Opposition Leader Angus Taylor has unveiled a plan to boot migrants from the nation if they do not exhibit "Australian values", while also flagging an intention to shut the door on some asylum seekers if the coalition is elected to government.
The Australian values statement would be enshrined into law and a prescribed set of behaviours that constitute a breach would be established, he said.
On Wednesday, Mr Taylor gave the example of the Bondi terror attackers in December as clearly violating the nation's values, although one of the father-son duo who carried out the mass shooting was an Australian citizen.
"We've seen behaviour in recent times which is clearly in breach of the Australian values statement," he told reporters in Brisbane.

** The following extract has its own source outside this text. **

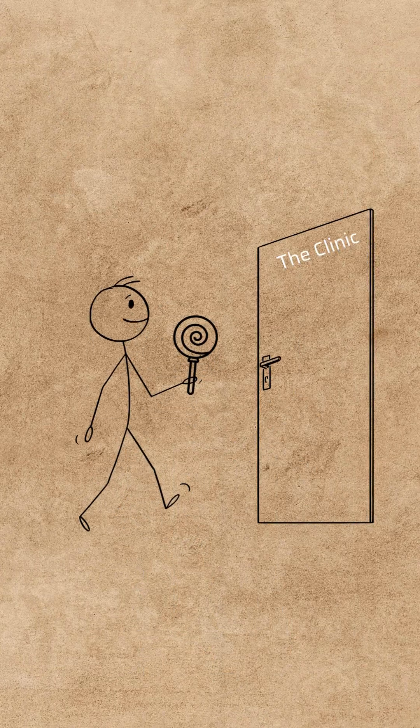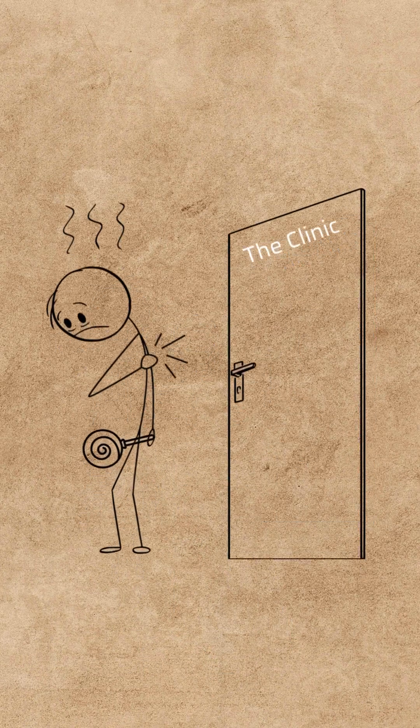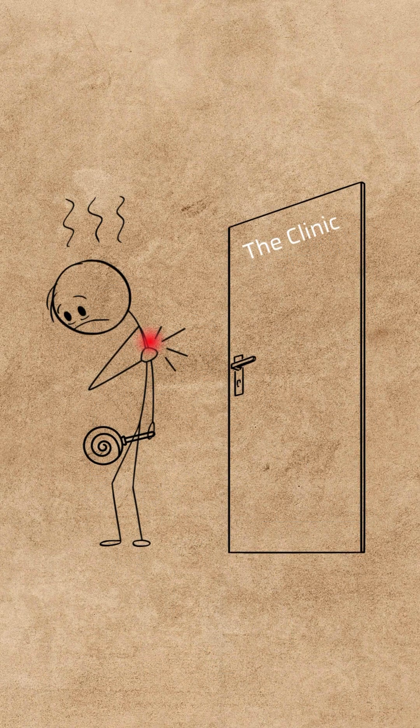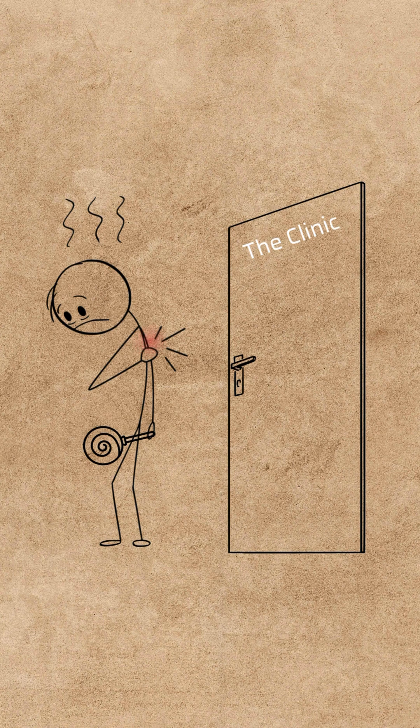You walk into the clinic expecting a quick jab and a lollipop and leave feeling like someone drop kicked your upper arm with a sledgehammer dipped in regret.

"No doubt we'll see more because this government has lost control of its immigration policy."
Criticism of the plan has been widespread, with senior Labor figures, human rights groups and immigration experts arguing prosecuting a breach of values will be difficult.
Under the plan, anyone applying for a visa, including tourists, would have to submit their social media accounts for strict vetting, mimicking a rule put in place by US President Donald Trump in late 2025.
But former immigration department deputy secretary Abul Rizvi said it would be a huge - and costly - task to screen the 500,000 visa applications Australia received each month.
"Mr Taylor appears to be proposing to do (screening) on a blanket level," he told AAP.
"Will that mean visa processing offices spend large amounts of time looking through people's holiday snaps?
"If you went down that path, you would waste a phenomenal amount of taxpayer money achieving very little."
Opposition home affairs spokesman Jonno Duniam said the coalition was prepared to legislate the changes, even if it was a difficult task.
Treasurer Jim Chalmers called the plan a "strange and pretty disappointing" contribution to the migration debate.
"What he's doing is plagiarising the politics and the rhetoric of other countries and another time," he said.
"What he's doing is playing more to the internal politics of the three right-wing parties than he is concerned with the national interest."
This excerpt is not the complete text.